A good video card is an absolute necessity these days. While gamers have driven demand for these cards, which are now as – if not more – expensive as PC processors, don’t think that you can get away with a cheap card or the graphics built into some motherboards. Using your PC to store and manipulate your digital photographs can be done much faster with a decent graphics card. My advice is to find the “sweet spot” of price and performance; Tom’s Hardware has a monthly scorecard that rates cards, and remains the best way to get up to speed with the Market’s current offerings and prices.
All these components take a lot of juice, and one place where PC enthusiasts often look to cut corners is on the purchase of a power supply; that is, until they build an unstable system and eventually discover that it’s due to power spikes or low voltages being fed to the components. To avoid this scenario, buy a decent power supply with more wattage than your components will need. Newegg’s customer reviews are a good place to research these.

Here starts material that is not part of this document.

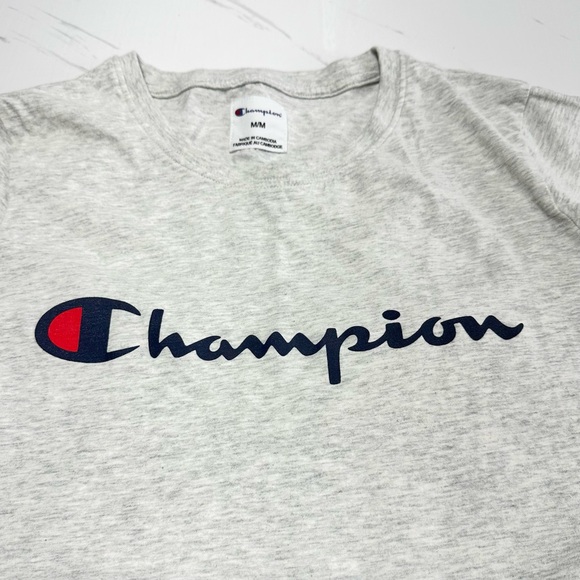 Champion Like New Light Gray Comfy 100% Cotton Shirt Size Medium - Picture 2 of 9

Finally, disaster recovery isn’t just for large corporations anymore. Today the average PC user has thousands of family photos, MP3’s, videos and personal documents that will disappear if the harddrive dies. And harddrives die. The cost of data recovery is about as expensive as in-hospital medical care for the uninsured. The only way to avoid the pain and suffering is to develop a disaster recovery strategy and most importantly, follow it.
For those who are building a PC to store and manipulate large files, the RAID-5 is an absolute necessity. For everyone else I recommend the following:
1. Buy an external drive.
2. Buy the backup software that is the market leader.
3. Use the software to backup all media files (documents, spreadsheets, photos, videos, music files, etc) to the external drive at least once a week.
4. Burn backup DVDs every month.
5. Store your backup DVDs that are older than 6 months in a safe deposit box.
That’s all the advice I have for now. I hope that someone who stumbles across this on Al Gore’s Internet finds some use for it in the future. At the very least I’d like to think that I helped someone become a little bit more comfortable with the technology that surrounds us.